We spend just about the whole day meandering from Richmond, Indiana to Holland, Michigan. On expressways, we probably could have covered the distance in four hours or so, but look what we would have missed:
The road is lined with family farms. Prideful barns, and barns that have been left to crumple.
There are magic miles when the road becomes a path through green stalks of corn that tower above us on both sides. Front yard tables hold summer squash, zucchini, and tomatoes for sale; a sign invites us up the driveway for brown eggs. There are lots of farm implements, shiny and rusty--useful to the farmers and artful to us.
Our route is punctuated by small towns that proudly trace their heritage back to pioneers in the 1800s. This is the Swiss clock tower in a lovely park in the center of Berne, Indiana. The park commemorates the town’s founding by Swiss Mennonites in 1852.
And the Mennonite heritage of the town lives on.
The crown jewel of the day is our chance discovery of the United States Vice Presidential Museum at the Dan Quale Center in Dan Quale’s hometown of Huntington, Indiana (population 17,400).
The Vice Presidential Museum--motto “Second to One”--traces the history of the Vice Presidency from John Adams through Joe Biden, with brief summaries of each Vice President’s individual contributions to the office or his special political circumstances. A variety of historical artifacts document each Vice President’s accomplishments (or lack therof).
Since Dan Quale donated eight tons of records and artifacts, and no one else was so generous in endowing the place with stuff, he does get a bit more attention (and space) than the others. And, he is accorded more respect here than he was by the press during his Vice Presidency. (Remember the extensive coverage of his misspelling of the word “potato” at a primary school spelling bee, and the derision spewed upon him for upholding traditional family values?)
Forget about it. He’s a hometown hero, and rightly so. And, hey, Indiana is proud to boast of four other Vice Presidents, too--Colfax (with Grant 1869-73), Hendricks (with Cleveland 1885, he died eight months into his term), Fairbanks (with Teddy Roosevelt), and Marshall (with Wilson).
Here are a few other things we learn that lead us to conclude that the Vice President was not really considered to be very important at all until pretty recently:
There wasn’t a Vice Presidential residence in Washington until 1974, when the 33 room mansion on the US Naval Observatory Grounds was finally procured and adapted for that purpose.

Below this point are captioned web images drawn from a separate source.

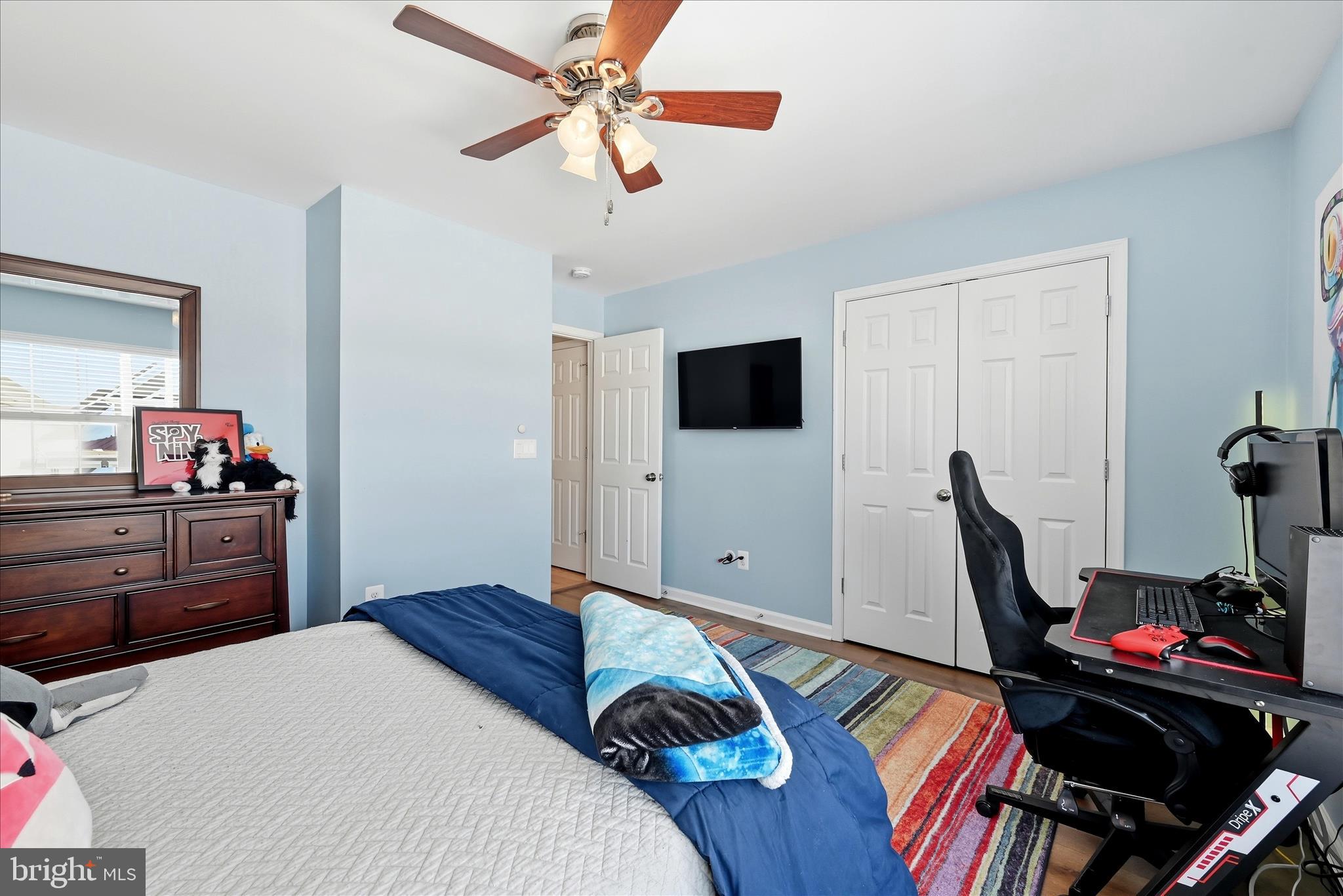 105 Garret Court Stephenson, VA 22656 - Photo 46 of 97 a bedroom with a bed and a flat screen tv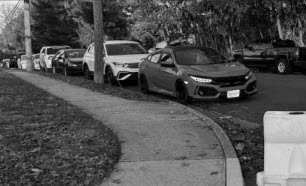 Students arrive very early to school to snag one of these coveted parking spots on Marc Drive. 
(Photo courtesy of Jennifer Beach)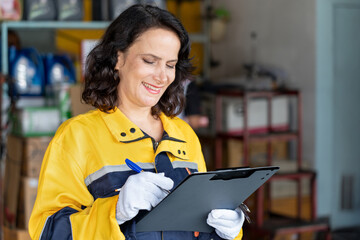 happy senior auto service manager woman working clipboard checking or inspection car in auto shop or service garage .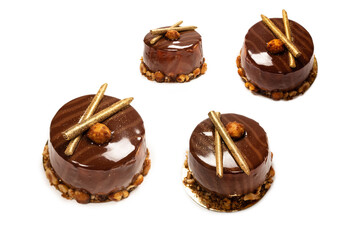 Chocolate and caramel cake isolated on a white background.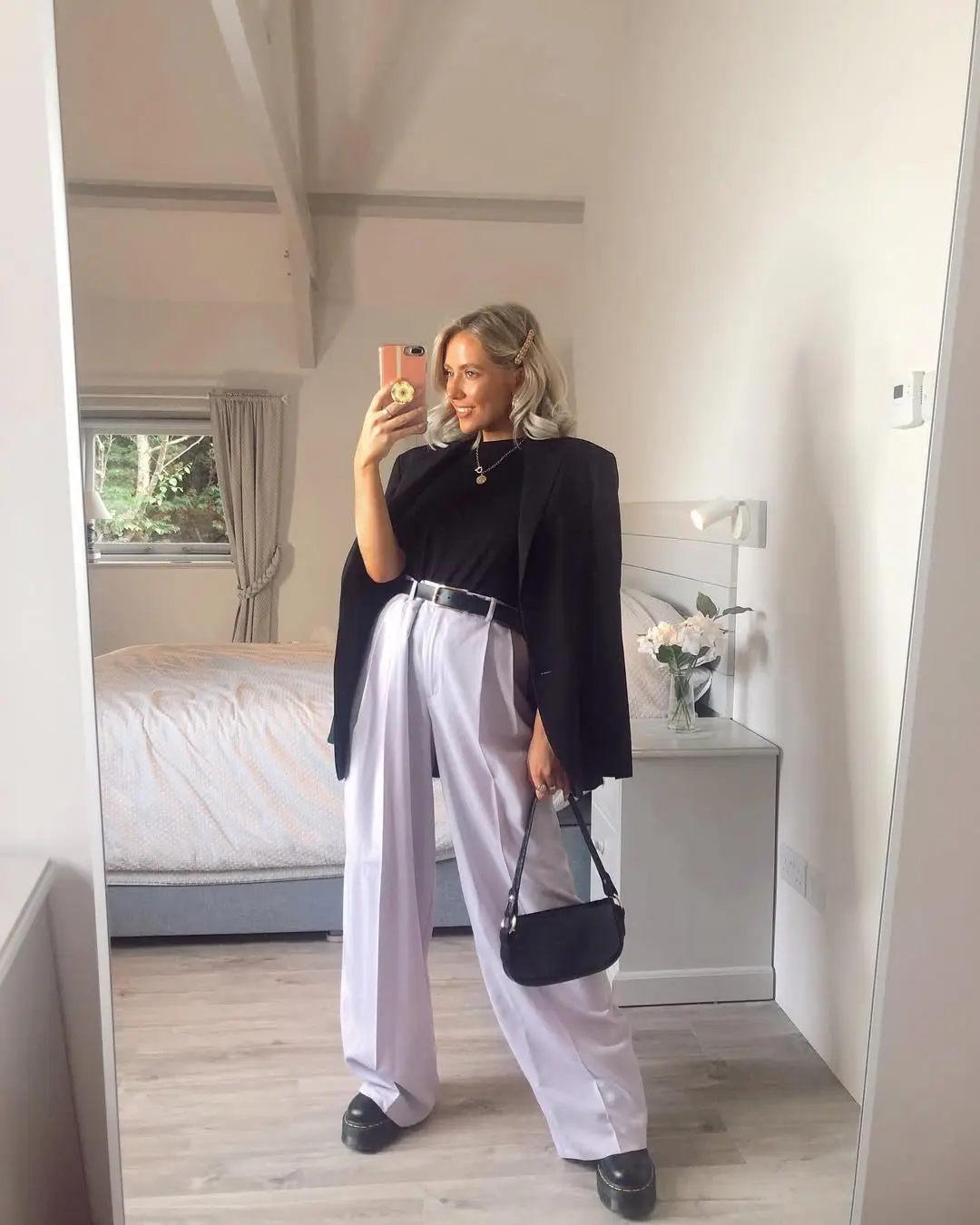 Chic black blazer with stylish palazzo pants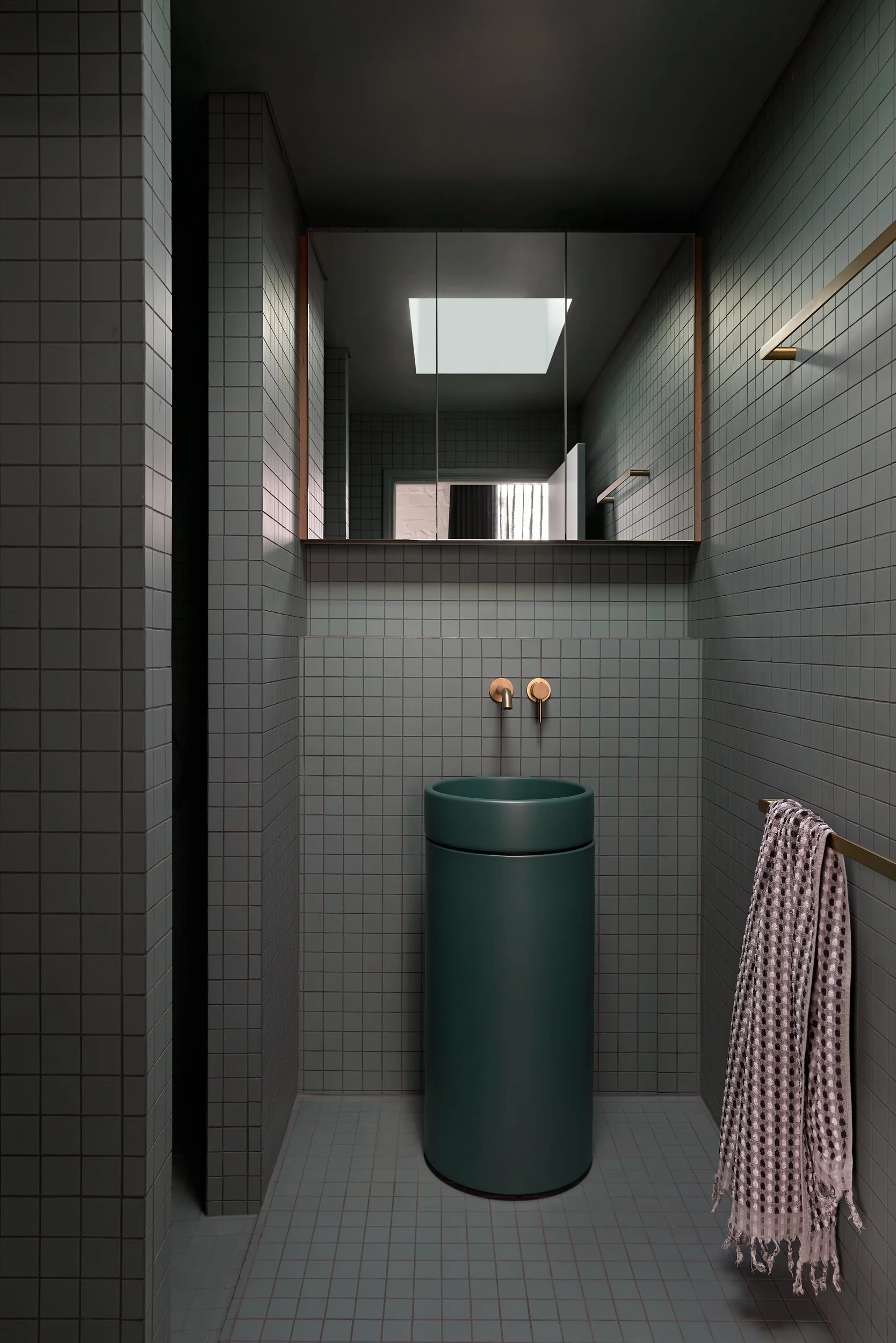 Modern bathroom with a green cylindrical sink, a large mirror, rose gold fixtures, tiled walls and floor, a skylight, and a towel hanging on a gold towel bar.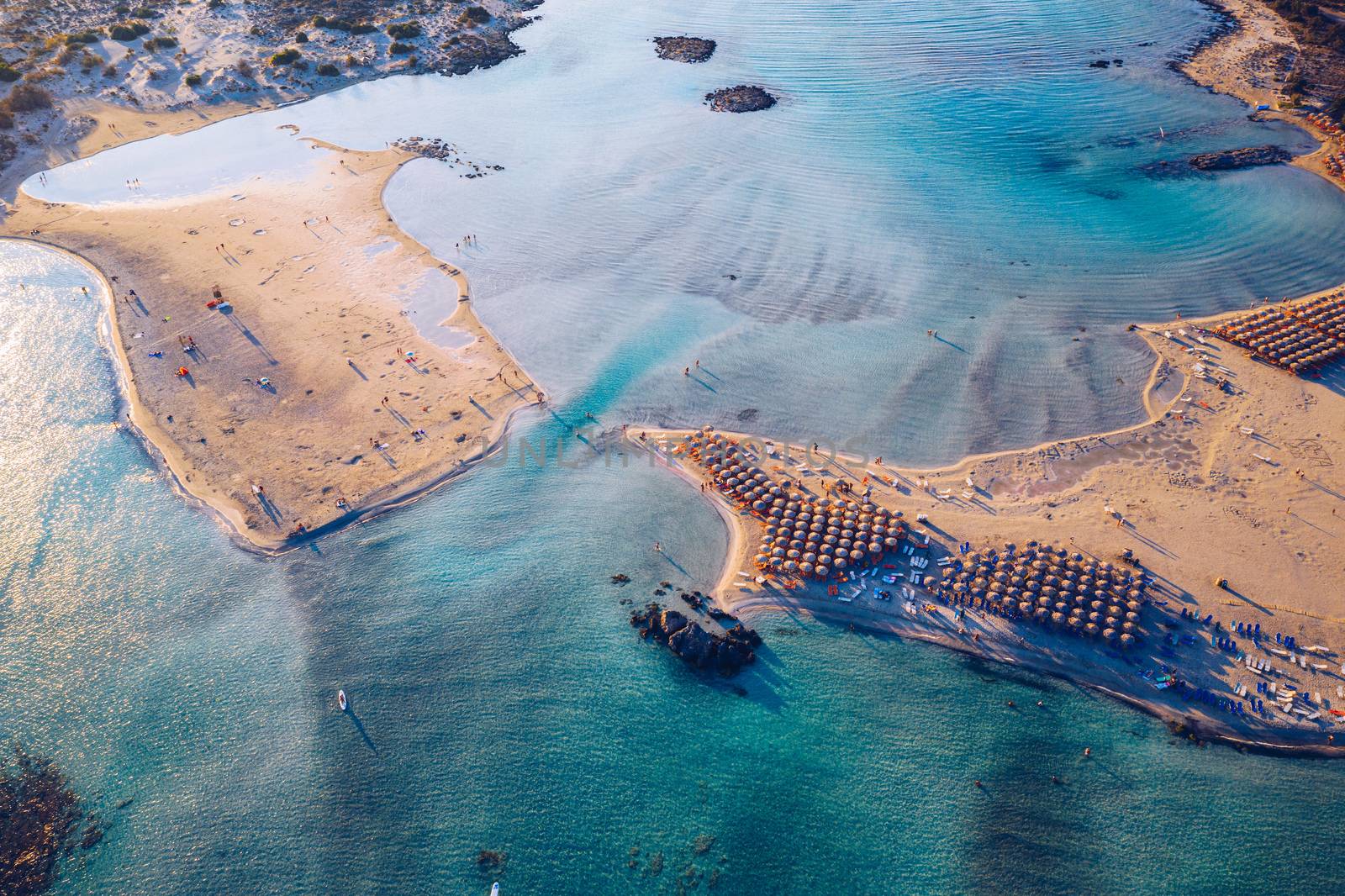 Aerial view of beautiful tropical Elafonissi Beach with pink sand. View of a nice tropical Elafonissi beach from the air. Beautiful sky, sea, resort. Elafonissi beach, Crete, Greece.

One of the adaptations was the installation of bullet-proof glass in all the windows--a quality which we learn the Quale kids appreciated because they were able to play ball inside the house without fear of breaking a window.
The first Vice President to actually have an office in the White House was Walter Mondale--who expanded the role of the Vice President considerably while serving with Jimmy Carter in the late 1970s.
The 25th Amendment of the Constitution provided a means for filling a Vice Presidential vacancy--the President appoints a replacement, who must be approved by a majority of both houses of Congress. When this amendment was ratified in 1967, the office of the Vice President had been vacant for a cumulative period of 38 years. Gerald Ford was the first Vice President sworn in under the terms of the 25th Amendment, and he has the dubious distinction of being the only holder of the Presidency not elected to either it or the Vice Presidency (recall he was appointed by Nixon when Agnew resigned amid scandal).
John Garner, Vice President to Franklin Roosevelt, described the Vice Presidential office as “Not worth a bucket of warm s*it.” (Not willing to be Roosevelt’s Vice President for a third term, Garner tried to run against him in 1940 and we know how well that turned out.)
Time for lunch. And where better to go than Nick’s Kitchen, the Huntington Restaurant where Dan Quale began all his campaigns. The Vice Presidential Museum even has a chair from Nick’s that Dan stood atop to announce his (alas?) unsuccessful bid to return to his office of Vice President for a second term.
Nick’s Kitchen is famous in its own right, a Huntington institution for over 100 years, and the proud originator of the pork tenderloin sandwich, invented here in 1908. Of course we have to sample the signature dish, which turns out to be way too big to fit in a bun (and to provide way more than one person’s appropriate calorie intake for an entire day).
In the afternoon, we drive around the charming lakeside art colony of Saugatuck, which we last visited aboard Starsong. This ferry has been crossing the Kalamazoo River there since 1838. The ferry pilot propels it by turning a crank which pulls the ferry along an underwater chain. It is a lovely five minute ride, as we recall.
Our final destination is Holland, Michigan, where we climb Mount Pisgah, a 157 foot sand dune that towers over Lake Macatawa to the east and Lake Michigan to the west. To preserve the sensitive dune ecology, the climb route is a series of switchback stairways--239 steps in total. We are rewarded with panoramic views at the top.
Back in downtown Holland, we notice a crowd gathering around an outdoor performance pavilion in the park. A band concert is about to begin, but we are hungry and too tired to add yet another activity to this very long but lovely day.